Imagine some robot running around. You have an LLM that says nice-sounding things when posed ethical dilemmas. You need some system that turns the raw camera input into a text description, and the nice sounding output into actual actions. 

lukehmiles

40

It would be interesting if someone discovered something like "junk DNA that just copies itself" within the weights during the backprop+SGD process. Would be some evidence that backprop's thumb is not so heavy a worm can't wiggle out. Right now I would bet against that happening within a normal neural net training on a dataset.

Note that RL exists and gives the neural net much more uh "creative room" to uh "decide how to exist". Because you just have to get enough score over time to survive, but any strategy is accepted. In other words, it is much less convergent.

Also in RL, glitching/hacking of the physics sim / game engine is what you expect to happen! Then you have to patch your sim and retrain.

Also, most of the ML systems we use every day involve multiple neural nets with different goals (eg the image generator and the NSFW detector), so something odd might happen in that interaction.

All this to say: The question "if I train one NN on a fixed dataset with backprop+SGD, could something unexpected pop out?" is quite interesting and still open in my opinion. But even if that always goes exactly as expected, it is certainly clear that RL, active learning, multi-NN ML systems, hyperparameter optimization (which is often an evolutionary algorithm), etc produces weird things with weird goals and strategies very often.

I think debate surrounds the 1-NN-1-dataset question because it is an interesting and natural and important question, the type of question a good scientist would ask.

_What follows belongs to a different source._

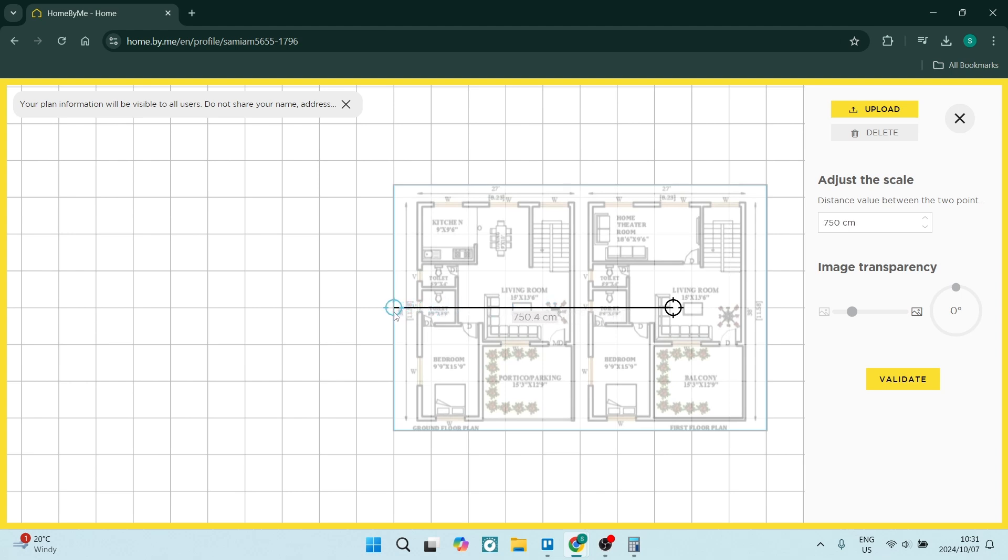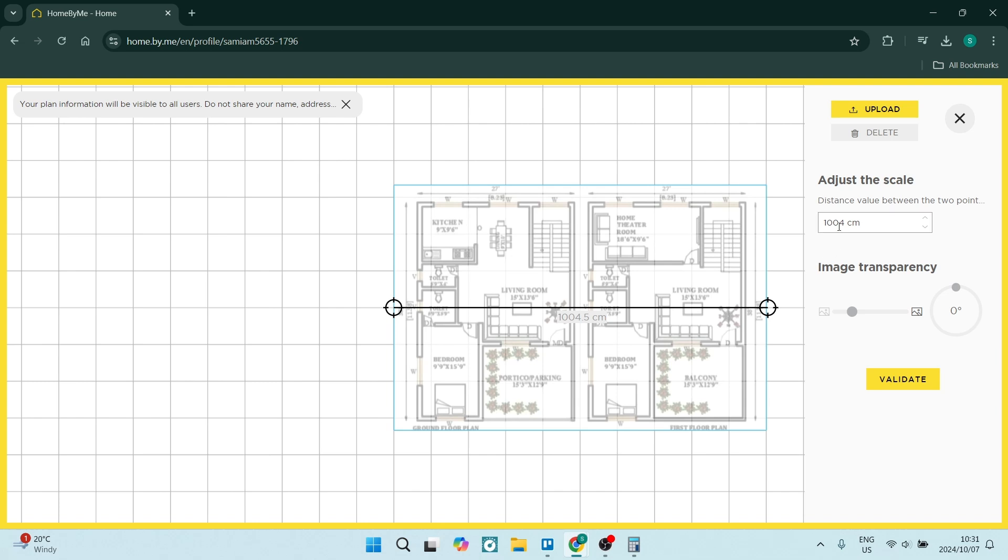So let's just say for example the floor plan that I'm uploading from left to right is currently a thousand centimeters. You can actually change this and you can make it 10,000 centimeters which would make it 10 meters.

Probably only a small part of the bigger challenge to control the whole trained machine.

Noah Birnbaum

30

I think Eliezer briefly responds to this in his podcast with Dwarkesh Patel — satisfactorily is pretty subjective. https://youtu.be/41SUp-TRVlg?si=hE3gcWxjDtl1-j14

At about 24:40.

4 comments, sorted by Click to highlight new comments since:

IMO, a very good response, which Eliezer doesn't seem to be interested in making as far as I can tell, is that we should not be making the analogy natural selection <--> gradient descent, but rather, human brain learning algorithm <--> gradient descent ; natural selection <--> us trying to build AI.

So here, the striking thing is that evolution failed to solve the alignment problem for humans. I.e. we have a prior example of strongish general intelligence being created, but no prior examples of strongish general intelligence being aligned. Evolution was strong enough to do one but not the other. It's not hopeless, because we should generally consider ourselves smarter than evolution, but on the other hand, evolution has had a very long time to work and it does frequently manage things that we humans have not been able to replicate. And also, it provides a small amount of evidence against "the problem will be solved with minor tweaks to existing algorithms" since generally minor tweaks are easier for evolution to find than ideas that require many changes at once.

Yeah you can kind of stop at "we are already doing natural selection." The devs give us random variation. The conferences and the market give us selection. The population is large, the mutation rate is high, the competition is fierce, and replicating costs $0.25 + 10 minutes.

I don't see why we care if evolution is a good analogy for alignment risk. The arguments for misgeneralization/mis-specification stand on their own. They do not show that alignment is impossible, but they do strongly suggest that it is not trivial.

Focusing on this argument seems like missing the forest for the trees.

I think the tooling/scale is at a point where we can begin the search for "life" (eg viruses, boundaries that repair, etc) in weights during training. We should certainly expect to see such things if the NN is found via evolutionary algorithm. So we can look for similar structures in similar places with backprop+SGD. I expect this to go much like the search for life on mars. A negative result would still be good information IMO.